Thursday, April 16, 2009

"I'm an old-fashioned swamp lover myself..."

APPARENTLY, all the water ever on the earth is disappearing, which blows real hard. One time, the government was all, "You know what we DON'T need? Those god damn swamp bullshits." So then they paid SWAMPBUSTERS to drain all the swamps. This is why we are the smartest country ever. (Even though, in all fairness, this was a long long time ago, like before Britney Spears. And not just Womanizer-era Britney Spears, either. This was like WAY long ago, like before Baby One More Time and everything. You know, before she shaved her head, and even before she became a whore. And WAY before K-Fed and also Jamie Lynn popping out like 17 babies. Not to mention before Britney even pooped out a baby. We're talking practically the Stone Age. But with fewer swamps.)

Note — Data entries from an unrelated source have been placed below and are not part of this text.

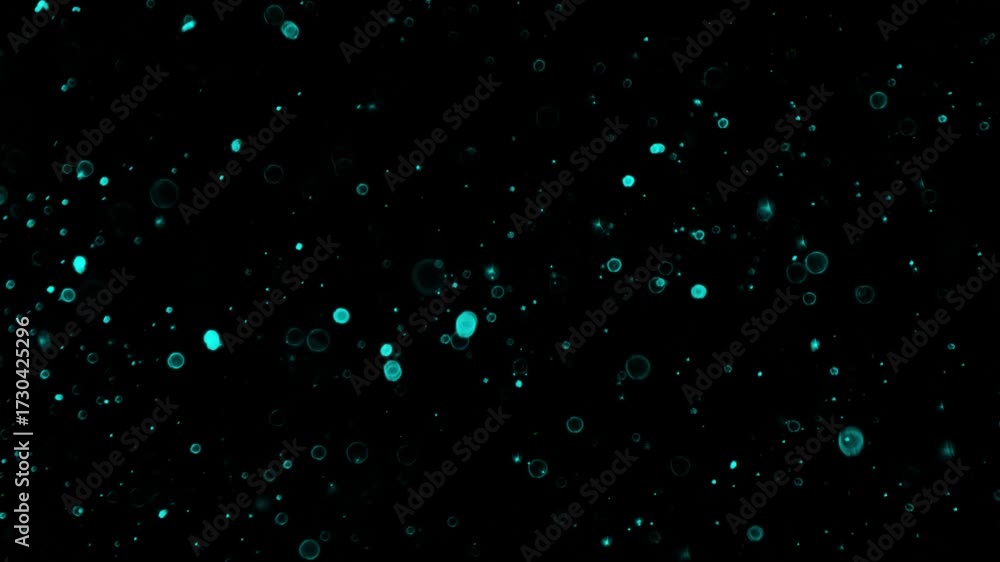 Wall mural abstract teal particles floating bokeh background animation overlay video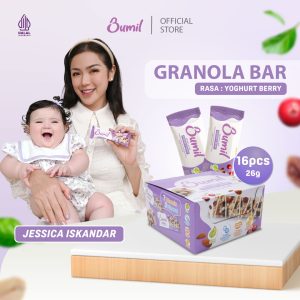 Granola Bar - Yoghurt Berry [16Pcs]
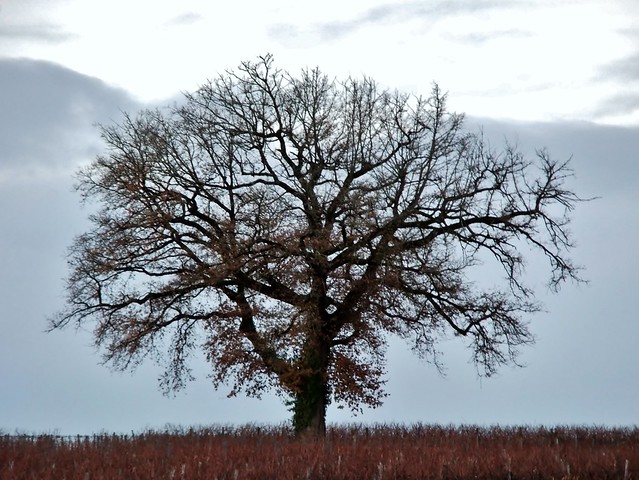 Old Oak Tree in Cognac Vineyard, La Brande, Charente-Maritime, SW France @ 28 December 2013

(Britney Spears, circa CRAZY TIME 2000-something)

Blog, it's been kind of a while, like a week maybe, and we feel kind of bad about that, but we've been busy with some organic garden bullshit and its been taking a toll on our ability to blog, since there's no other time we aren't sleeping or getting it on if we aren't in this class. Maybe homework or eatin or some shit, but damn there ain't been no bloggin time. What are we going to do after this class?


(Father Time, bein a bitch and not letting us blog, circa 2009)

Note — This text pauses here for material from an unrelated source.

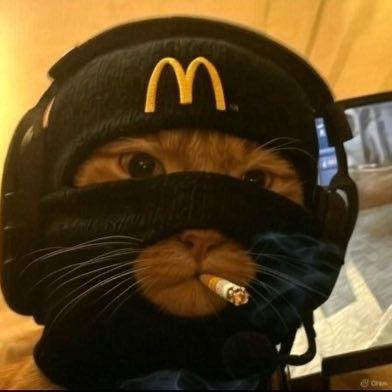 mindofregi avatar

SUPER POLL 2009!!!!!! What should we do when we aren't together this summer?
  1. SEPARATE BLOGGING (this one makes me weep a little)
  2. VIDEOBLOGGING (I don't even know how to do that shit, but we could probably make it happen... but I don't really want it to, let's be real, you don't need to hear us and have to look at us and stuff. Maybe if we wore masks)
  3. BLOGGING IN ITALY FOREVER! (yes) (but what about the summer when we are takin care of kids and some shit?!?!)
  4. LETTING THE BLOG DIIIIIIEEEEEEEEEEEE :( :( :( :( :( :( :9 (but let's be real, no one wants that... our incredibly loyal and violent fanbase would rise up in protest and shank one million bitches at least (and while the world could deal with less bitches, we don't want our following imprisoned... yet.)

(The Great Blog Protest, circa THE FUTURE)

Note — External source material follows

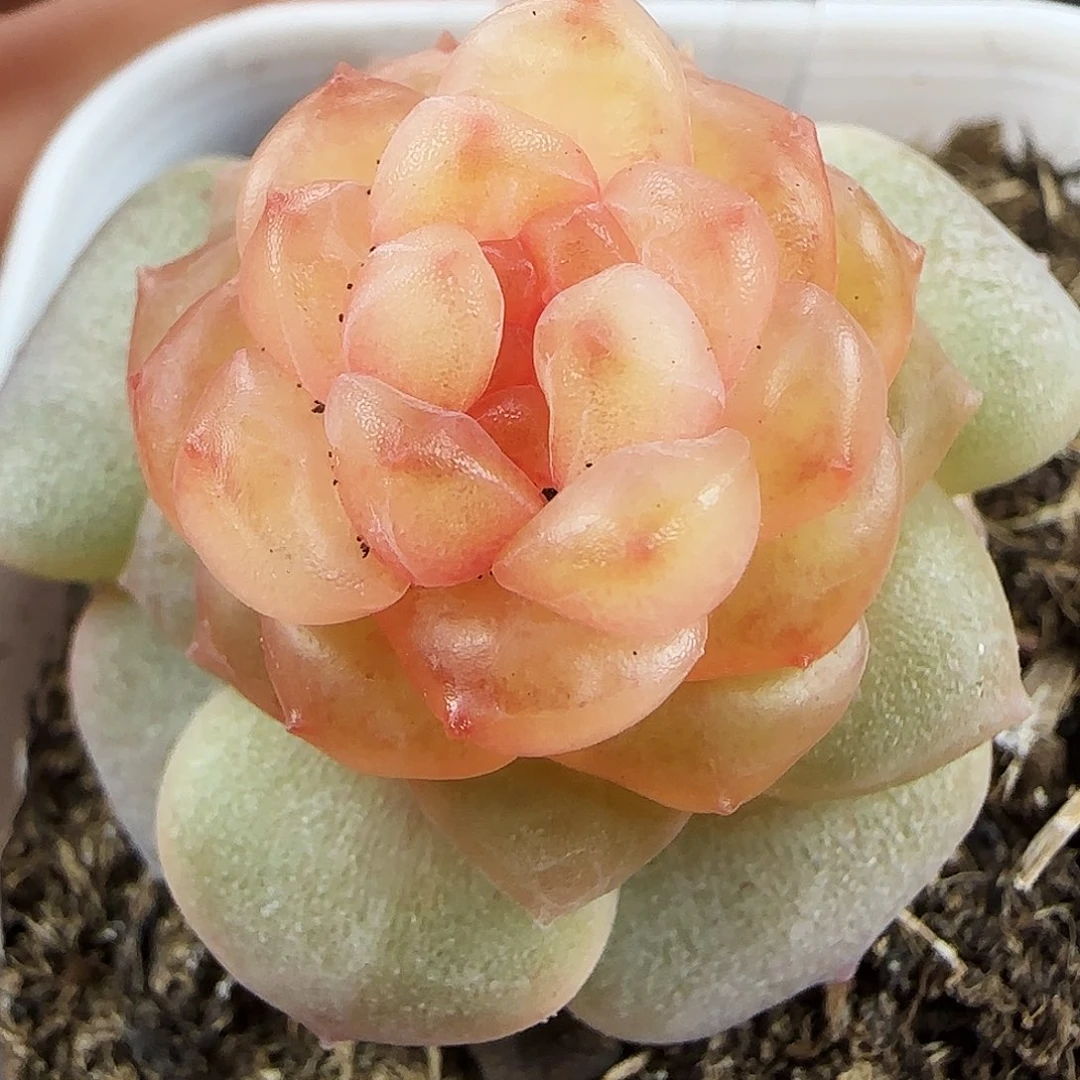 630号哈哈哈哈哈哈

OH MY GOD THE DEAD ZONE. You can't escape this shit. I mean, you can TRY, but it will always find you. It knows where you are, and what you're thinking, and what you ate for dinner and the last time you pooped and EVERYTHING. It is like God in that way. Or Santa Claus. Or Sherlock Holmes/William of Baskerville. (Discussion question: Are medieval literature references ever appropriate in blogs? If so, how many may one make before he or she deserves to be ritually slaughtered?) (Note: We did write a whole article in medieval tongue... BUT IT WAS ABOUT CHUCK BASS II, which makes it more than ok.)

I think that's everything useful we have to say.